Architecture Making Community work on live projects, with local communities to find solutions to real issues. Through making at both 1:1 and large scale models, we work collaboratively to build real structures that challenge the way we live and work in our regional context.

Architecture Making Community applies research methods to pedagogy, enabling architecture students to engage with local communities and for local communities to benefit from creative proposals to contemporary issues. Frances has been directly involved in the setting up and running of a number of live projects from participatory design to 1:1 making with colleagues Tom Ebdon and Janie Hinton.

Connected Communities – Participatory Design

Connected Communities is a 2-day pubic workshop, that uses participatory design practices to look at ways of connecting disparate communities within towns, and considers possible futures for their town centres. The inaugural Connected Communities workshop was developed for Penryn by Architecture Making Community in partnership with Penryn Town Team. It has since been used as a tool for engagement as part of the Inland Festival 2016, Redruth and with the All Saints Church, Highertown 10:10 project.

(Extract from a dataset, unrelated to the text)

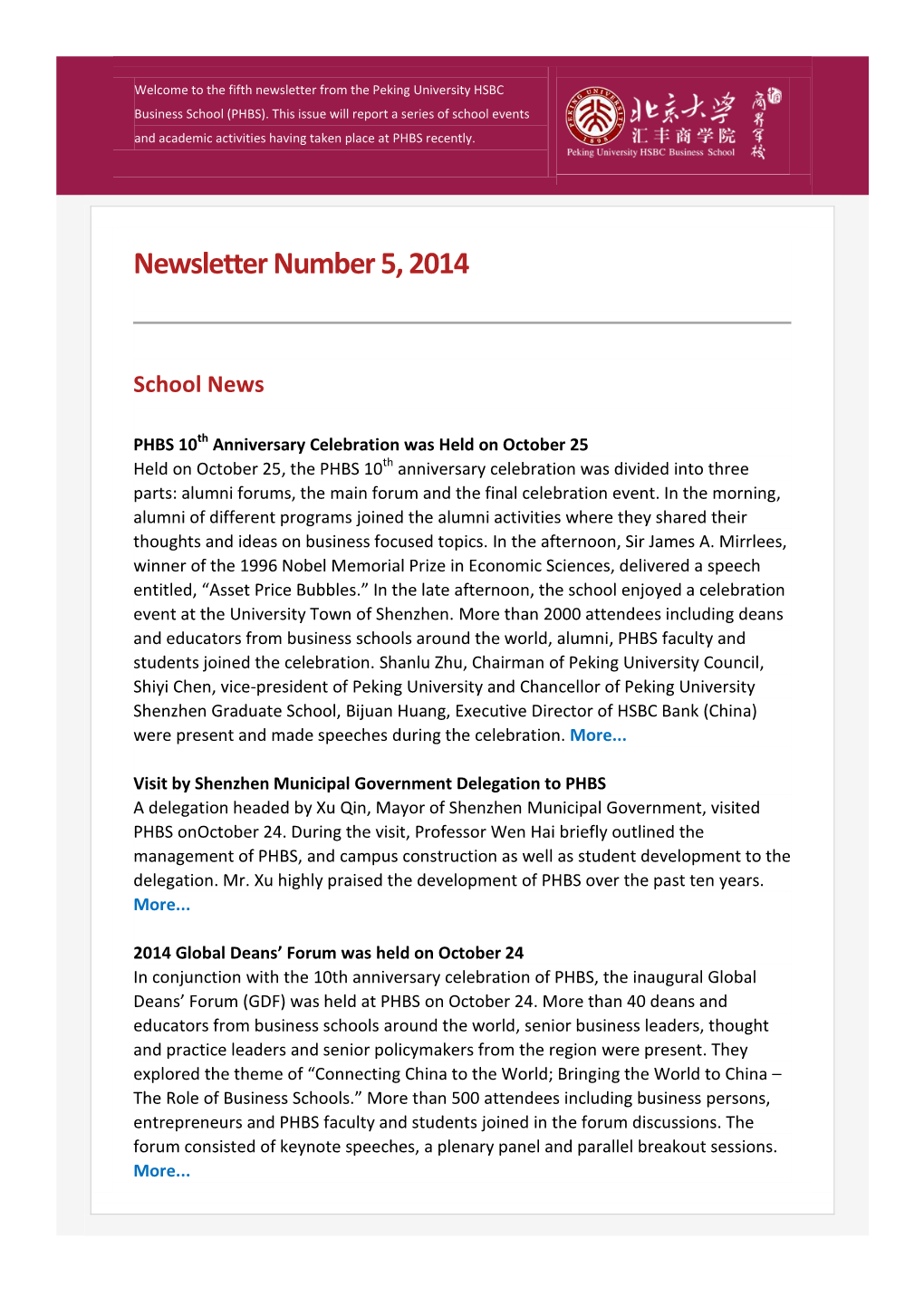 Newsletter Number 5, 2014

1:1 Making – Heuristic Learning

Following on from students involvement with the bell tower raising as part of Liminal’s Transient Parish, Frances Crow as part of Architecture Making Community worked to develop a project structure to allow 1st year architecture students to design and build a full scale semi-permanent fire-pit shelter for Little Eden at the Eden Project. This project structure is now an integral part of the Falmouth University architecture degree and contributes to pedagogic research into how heuristic learning can provide a strong foundation for students of architecture.